(Beginning of Data for the task)

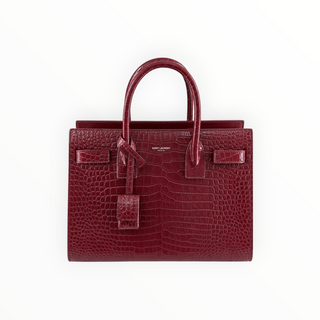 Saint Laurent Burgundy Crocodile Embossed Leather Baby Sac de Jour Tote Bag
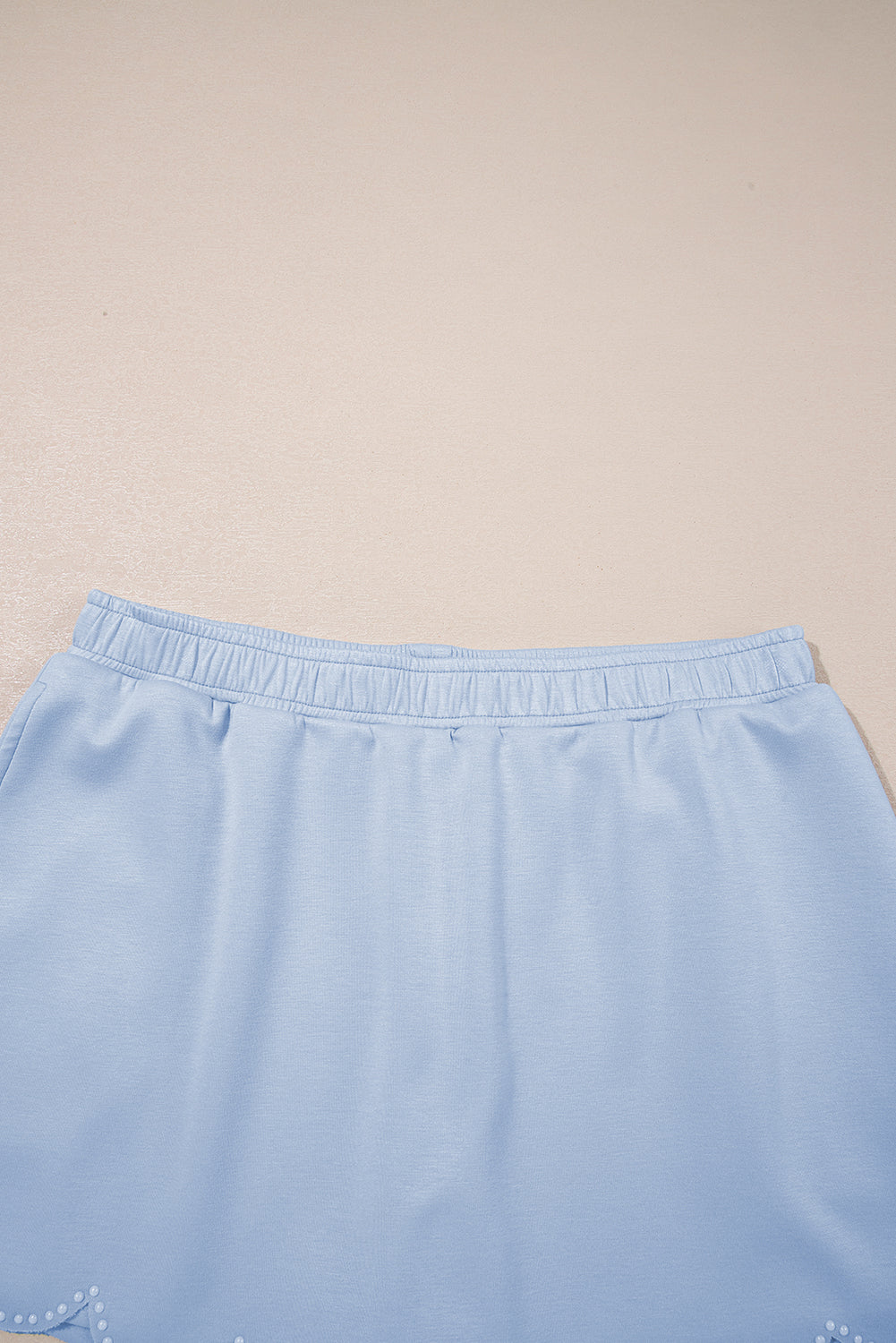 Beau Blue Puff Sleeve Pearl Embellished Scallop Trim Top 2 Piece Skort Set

(End of Data for the task)
(Beginning of Data for the task)

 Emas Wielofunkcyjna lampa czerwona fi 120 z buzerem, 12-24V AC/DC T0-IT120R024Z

(End of Data for the task)
(Beginning of Data for the task)

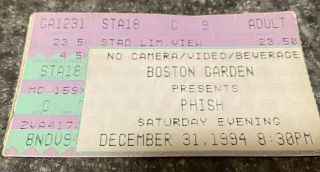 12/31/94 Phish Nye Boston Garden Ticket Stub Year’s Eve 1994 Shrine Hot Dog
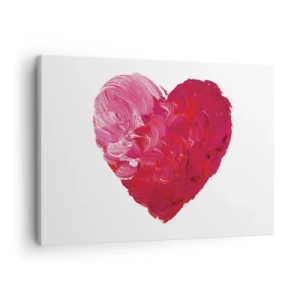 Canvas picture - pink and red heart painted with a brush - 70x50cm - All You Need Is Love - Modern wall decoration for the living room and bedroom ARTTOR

(End of Data for the task)

Your assignment:
Above this task is a listing with pictures in it. Retype only the lines from the one containing "Saint Laurent Burgundy" through the one containing "Beau Blue Puff", both included, and not the pictures.

Solution:
 Saint Laurent Burgundy Crocodile Embossed Leather Baby Sac de Jour Tote Bag
 Beau Blue Puff Sleeve Pearl Embellished Scallop Trim Top 2 Piece Skort Set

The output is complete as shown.